There are still a few things that developers can’t do given our current, albeit advanced technology. Rockstar’s L.A. Noir rings a bell with the facial recognition and expression mechanic, a feature that would be difficult to implement without an impressive level of detail. Even still, the mechanic was used to the point where it almost became comical how drastically facial expressions changed when a character was lying. Reliance on technology for a game mechanic only goes so far, the rest must be made up with elbow grease and smart decisions on the part of the developer.
In that sense, the most important part of a video game is (or should be) about striking a balance between game-play and graphical ability. Just having one without the other doesn’t make a game. Even from a practical perspective, one negative consequence about the resources involved in making better-looking games is that they have become larger (in terms of bits) and also shorter in length due to the cost and hours involved in making everything look pristine. The blind pursuit of realism doesn’t accomplish much other than quench the non-existent demand for things to look closer to the real world.
I look forward to what the next generation of consoles has in store, not because of the swanky new specs that each will surely have, but because I think the focus will gradually shift from computing power to focus instead on gameplay.

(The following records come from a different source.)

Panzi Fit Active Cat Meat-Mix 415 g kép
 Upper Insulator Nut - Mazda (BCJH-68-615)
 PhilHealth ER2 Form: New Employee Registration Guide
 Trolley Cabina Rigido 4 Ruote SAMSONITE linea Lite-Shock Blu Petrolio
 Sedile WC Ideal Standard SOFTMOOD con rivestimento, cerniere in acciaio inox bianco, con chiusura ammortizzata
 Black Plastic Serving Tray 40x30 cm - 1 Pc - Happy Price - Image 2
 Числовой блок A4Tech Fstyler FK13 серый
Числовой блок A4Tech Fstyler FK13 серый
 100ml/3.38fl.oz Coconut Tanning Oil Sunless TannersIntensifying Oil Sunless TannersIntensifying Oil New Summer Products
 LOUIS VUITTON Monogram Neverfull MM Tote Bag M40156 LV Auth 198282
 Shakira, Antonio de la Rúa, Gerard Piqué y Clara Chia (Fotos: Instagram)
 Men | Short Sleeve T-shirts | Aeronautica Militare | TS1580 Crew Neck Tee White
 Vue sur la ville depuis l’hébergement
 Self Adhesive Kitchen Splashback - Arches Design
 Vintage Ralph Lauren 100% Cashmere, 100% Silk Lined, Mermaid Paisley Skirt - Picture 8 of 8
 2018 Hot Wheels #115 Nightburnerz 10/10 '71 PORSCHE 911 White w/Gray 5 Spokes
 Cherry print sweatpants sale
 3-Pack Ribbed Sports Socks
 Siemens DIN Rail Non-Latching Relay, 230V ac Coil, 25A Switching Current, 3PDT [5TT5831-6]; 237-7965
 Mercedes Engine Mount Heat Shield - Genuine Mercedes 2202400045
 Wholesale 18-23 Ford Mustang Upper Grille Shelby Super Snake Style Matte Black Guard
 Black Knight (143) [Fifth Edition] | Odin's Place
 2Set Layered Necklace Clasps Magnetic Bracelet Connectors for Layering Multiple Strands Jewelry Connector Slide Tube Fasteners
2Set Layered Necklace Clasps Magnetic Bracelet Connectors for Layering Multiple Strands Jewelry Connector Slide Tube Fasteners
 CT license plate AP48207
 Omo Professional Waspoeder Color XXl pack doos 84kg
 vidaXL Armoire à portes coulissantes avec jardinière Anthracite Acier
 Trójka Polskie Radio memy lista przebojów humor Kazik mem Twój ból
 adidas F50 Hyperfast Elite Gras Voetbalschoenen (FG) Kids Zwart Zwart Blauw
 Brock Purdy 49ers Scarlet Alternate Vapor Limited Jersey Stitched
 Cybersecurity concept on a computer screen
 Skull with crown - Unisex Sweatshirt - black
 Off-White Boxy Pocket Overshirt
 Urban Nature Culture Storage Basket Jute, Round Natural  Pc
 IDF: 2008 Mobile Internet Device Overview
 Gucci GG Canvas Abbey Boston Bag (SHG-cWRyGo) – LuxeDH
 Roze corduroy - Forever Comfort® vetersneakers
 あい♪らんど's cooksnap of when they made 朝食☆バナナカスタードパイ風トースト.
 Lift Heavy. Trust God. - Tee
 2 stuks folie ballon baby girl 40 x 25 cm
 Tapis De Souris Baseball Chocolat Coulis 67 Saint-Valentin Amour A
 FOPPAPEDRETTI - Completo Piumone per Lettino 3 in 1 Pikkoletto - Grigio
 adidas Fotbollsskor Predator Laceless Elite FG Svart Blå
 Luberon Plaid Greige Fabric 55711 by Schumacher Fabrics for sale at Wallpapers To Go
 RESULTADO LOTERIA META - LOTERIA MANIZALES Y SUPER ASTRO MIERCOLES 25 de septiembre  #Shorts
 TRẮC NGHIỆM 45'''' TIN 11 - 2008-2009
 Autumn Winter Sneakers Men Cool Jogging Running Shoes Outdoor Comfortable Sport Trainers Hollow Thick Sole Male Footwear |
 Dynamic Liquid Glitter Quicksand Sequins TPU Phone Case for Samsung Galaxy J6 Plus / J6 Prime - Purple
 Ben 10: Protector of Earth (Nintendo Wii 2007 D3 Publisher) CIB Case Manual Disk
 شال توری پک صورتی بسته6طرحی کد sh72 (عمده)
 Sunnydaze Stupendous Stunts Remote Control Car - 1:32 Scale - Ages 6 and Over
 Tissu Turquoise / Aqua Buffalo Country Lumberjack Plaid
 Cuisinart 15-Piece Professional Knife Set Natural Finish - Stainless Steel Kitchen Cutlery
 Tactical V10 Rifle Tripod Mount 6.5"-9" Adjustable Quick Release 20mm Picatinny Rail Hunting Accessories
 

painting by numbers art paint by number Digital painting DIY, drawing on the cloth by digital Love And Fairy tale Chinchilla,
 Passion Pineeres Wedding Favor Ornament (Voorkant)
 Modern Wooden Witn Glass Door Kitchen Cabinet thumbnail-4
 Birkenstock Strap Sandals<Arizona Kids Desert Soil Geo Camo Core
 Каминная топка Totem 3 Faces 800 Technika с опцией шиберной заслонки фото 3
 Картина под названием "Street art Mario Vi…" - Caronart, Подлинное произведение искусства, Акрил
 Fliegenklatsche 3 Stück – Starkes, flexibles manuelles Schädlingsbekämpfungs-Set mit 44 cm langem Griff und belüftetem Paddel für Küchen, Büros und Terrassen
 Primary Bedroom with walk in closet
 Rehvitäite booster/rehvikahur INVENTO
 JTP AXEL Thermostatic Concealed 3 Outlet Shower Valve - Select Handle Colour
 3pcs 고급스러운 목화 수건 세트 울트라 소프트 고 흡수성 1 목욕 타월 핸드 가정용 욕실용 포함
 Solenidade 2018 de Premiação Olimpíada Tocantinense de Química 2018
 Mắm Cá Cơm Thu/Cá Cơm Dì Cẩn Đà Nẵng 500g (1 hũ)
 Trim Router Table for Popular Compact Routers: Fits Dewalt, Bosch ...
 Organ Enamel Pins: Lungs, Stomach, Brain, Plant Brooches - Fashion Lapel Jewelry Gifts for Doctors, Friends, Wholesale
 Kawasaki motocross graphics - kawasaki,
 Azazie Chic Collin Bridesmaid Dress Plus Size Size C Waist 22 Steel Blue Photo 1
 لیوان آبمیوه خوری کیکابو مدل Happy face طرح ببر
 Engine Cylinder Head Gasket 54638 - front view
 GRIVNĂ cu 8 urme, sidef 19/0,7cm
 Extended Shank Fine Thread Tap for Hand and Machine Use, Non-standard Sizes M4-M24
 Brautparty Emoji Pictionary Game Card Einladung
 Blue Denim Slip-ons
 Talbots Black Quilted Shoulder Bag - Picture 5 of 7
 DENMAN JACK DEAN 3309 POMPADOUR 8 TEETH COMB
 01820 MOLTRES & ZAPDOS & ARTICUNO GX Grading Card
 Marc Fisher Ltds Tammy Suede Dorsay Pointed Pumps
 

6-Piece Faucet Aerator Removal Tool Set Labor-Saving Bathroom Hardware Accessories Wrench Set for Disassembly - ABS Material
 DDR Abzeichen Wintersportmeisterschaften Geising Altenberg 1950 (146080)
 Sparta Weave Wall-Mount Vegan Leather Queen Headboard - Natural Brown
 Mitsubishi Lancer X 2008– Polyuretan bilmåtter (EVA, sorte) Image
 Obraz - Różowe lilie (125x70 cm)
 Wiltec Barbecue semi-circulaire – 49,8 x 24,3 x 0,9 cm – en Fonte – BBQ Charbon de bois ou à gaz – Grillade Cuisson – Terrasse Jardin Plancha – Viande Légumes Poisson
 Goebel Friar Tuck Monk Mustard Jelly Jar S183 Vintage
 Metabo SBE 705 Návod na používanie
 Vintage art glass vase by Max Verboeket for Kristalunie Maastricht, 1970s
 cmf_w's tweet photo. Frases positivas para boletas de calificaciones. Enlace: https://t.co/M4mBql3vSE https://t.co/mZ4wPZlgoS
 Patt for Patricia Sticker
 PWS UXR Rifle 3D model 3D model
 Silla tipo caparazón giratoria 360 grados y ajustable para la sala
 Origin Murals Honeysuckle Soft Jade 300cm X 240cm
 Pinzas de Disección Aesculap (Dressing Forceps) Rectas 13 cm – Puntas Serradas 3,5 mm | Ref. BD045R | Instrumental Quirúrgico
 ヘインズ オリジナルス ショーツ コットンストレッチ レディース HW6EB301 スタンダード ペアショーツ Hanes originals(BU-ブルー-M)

And if we’re lucky, graphics will remain a benchmark of ability, a toolbox for developers, and nothing more.






Good article, but I would say that there is a very real demand for better graphics. I’m sure there are plenty of people that consider games like Deus Ex and other games from that period unplayable now because the graphics aren’t detailed enough.
I played Deus Ex for the first time a year ago and didn’t find the graphics an issue whatsoever. The shooting mechanics made me stumble longer. I just look at it like an art style or something and not consider it 100% photorealistic lol.
This was a good read, I really wish developers would focus more on the “GAME” itself not just how pretty it is. I would also rather have a game with a good art style than a game with 7,000,000,000,000 polygons on the screen at once.
Graphical updates are what sells the majority of games. The faceless hordes wouldn’t line up to spend sixty bucks plus tax on the newest prolefeed if all they got was a game that was fun to play.
Crysis 2 had some nice graphics but it was spoiled by slightly jerky animations and invincible civilians/allies just ruined ‘immersion’. If you’re trying to convey a photo-realistic world, everything else has to step up too.
It’s nice to stare at the details in an environment to appreciate the details for a bit but at the end of the day you play a game to play the damn game.
I think you bring up a valid point: it’s not that the quest for better graphical quality is a vain or futile one, it’s just that the way the industry has tended, graphical progression has outpaced other ways/technologies to get gamers immersed in the games they play. Graphics are the most sophisticated thing about games right now, but we’re nearing that uncanny valley grey zone where it might be time to focus on other aspects of the game.